■ DATA FOR PROCESSING
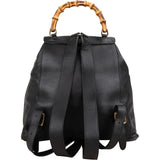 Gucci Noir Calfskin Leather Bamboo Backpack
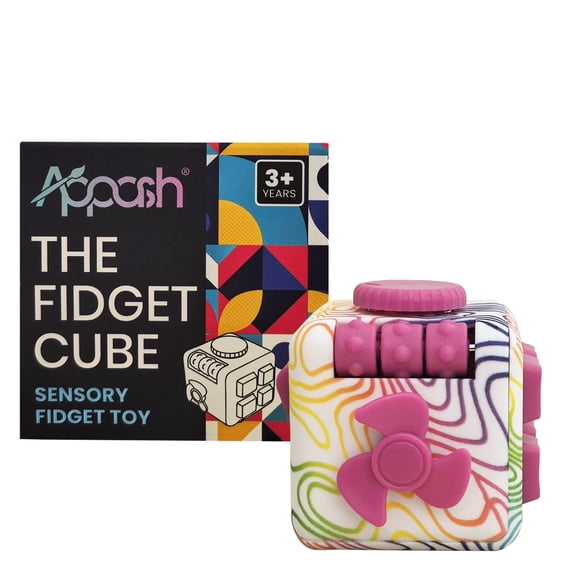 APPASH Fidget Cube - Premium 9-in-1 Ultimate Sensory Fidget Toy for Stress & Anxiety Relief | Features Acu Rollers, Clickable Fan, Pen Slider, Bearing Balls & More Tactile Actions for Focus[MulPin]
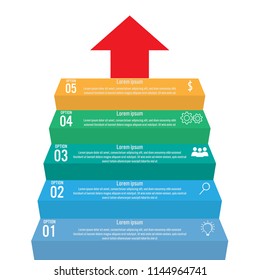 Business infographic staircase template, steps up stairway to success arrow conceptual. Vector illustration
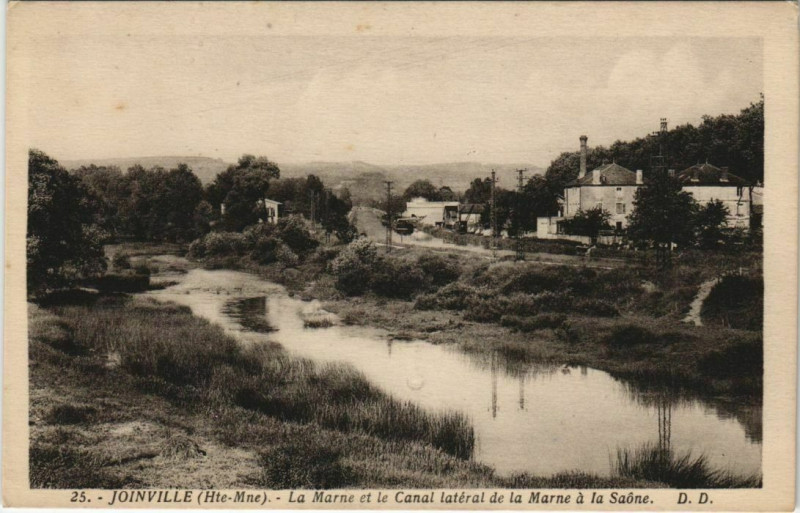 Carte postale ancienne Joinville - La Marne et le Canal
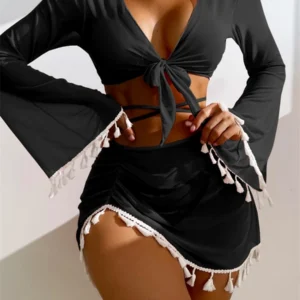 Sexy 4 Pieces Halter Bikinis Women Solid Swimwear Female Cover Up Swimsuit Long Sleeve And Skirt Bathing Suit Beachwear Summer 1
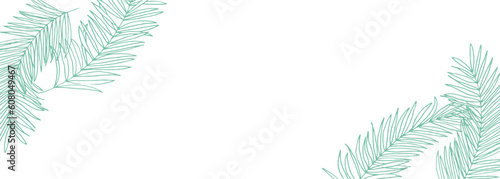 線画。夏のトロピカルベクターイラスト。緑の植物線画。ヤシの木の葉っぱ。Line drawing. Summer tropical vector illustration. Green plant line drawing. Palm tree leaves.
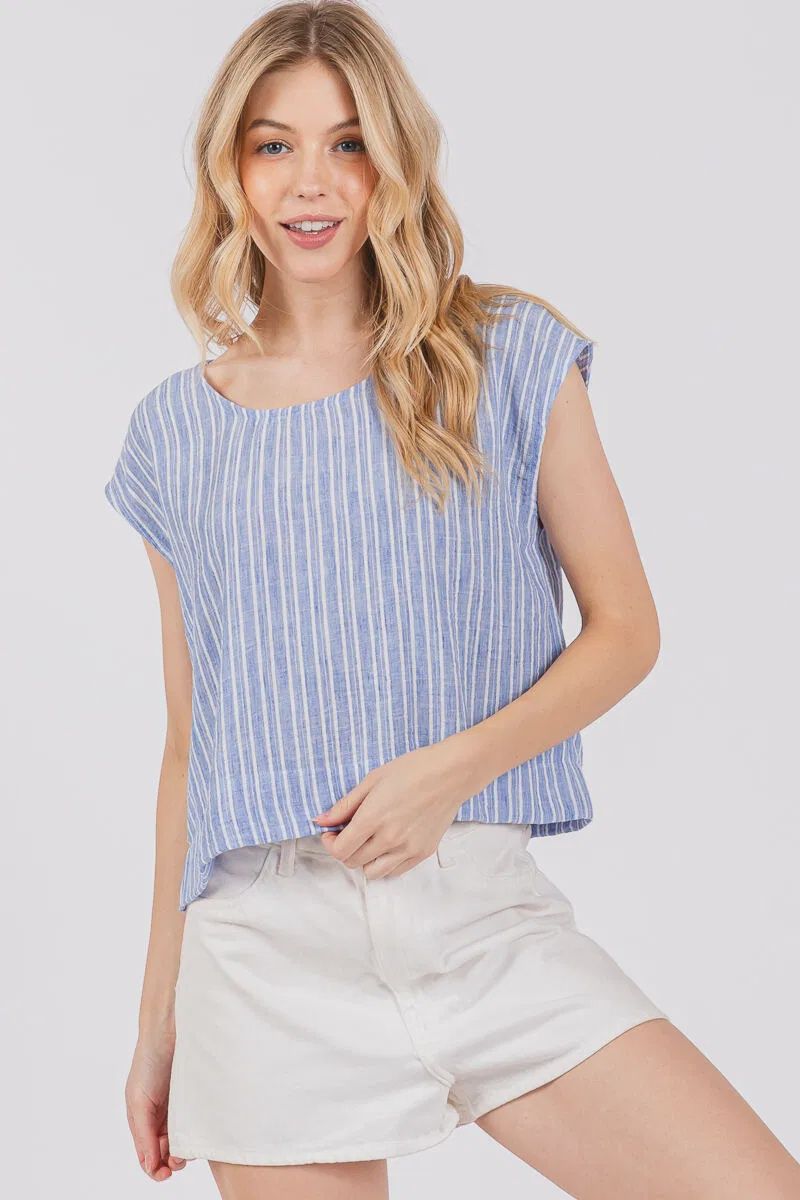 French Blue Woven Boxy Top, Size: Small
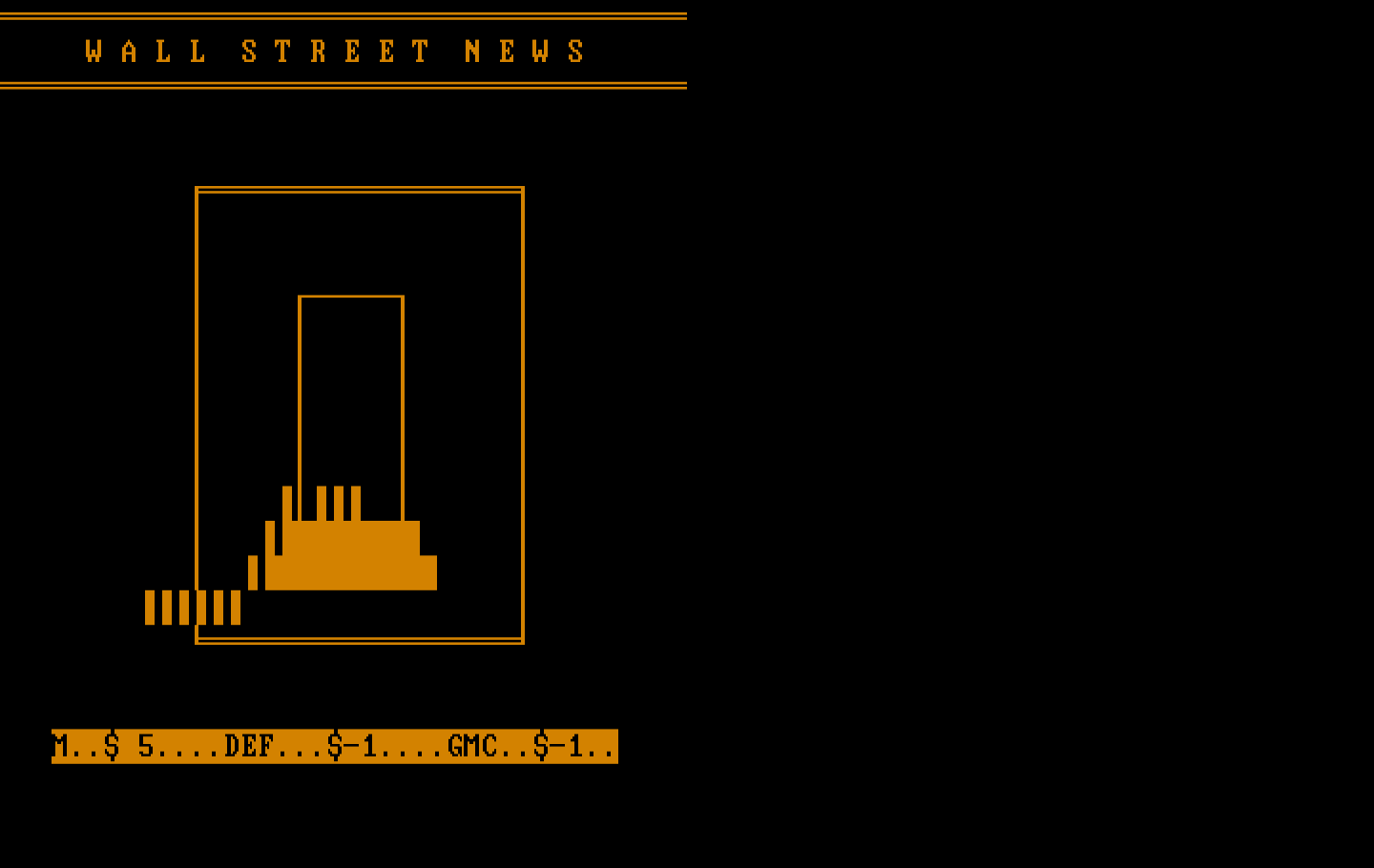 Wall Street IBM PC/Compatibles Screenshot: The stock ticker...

■ WHAT THIS TASK INVOLVES
Leave the pictures out and please restate exactly the lines running from the start of the material through the one with "Carte postale ancienne".

■ REPLY TO THE EXERCISE
 Gucci Noir Calfskin Leather Bamboo Backpack
 APPASH Fidget Cube - Premium 9-in-1 Ultimate Sensory Fidget Toy for Stress & Anxiety Relief | Features Acu Rollers, Clickable Fan, Pen Slider, Bearing Balls & More Tactile Actions for Focus[MulPin]
 Business infographic staircase template, steps up stairway to success arrow conceptual. Vector illustration
 Carte postale ancienne Joinville - La Marne et le Canal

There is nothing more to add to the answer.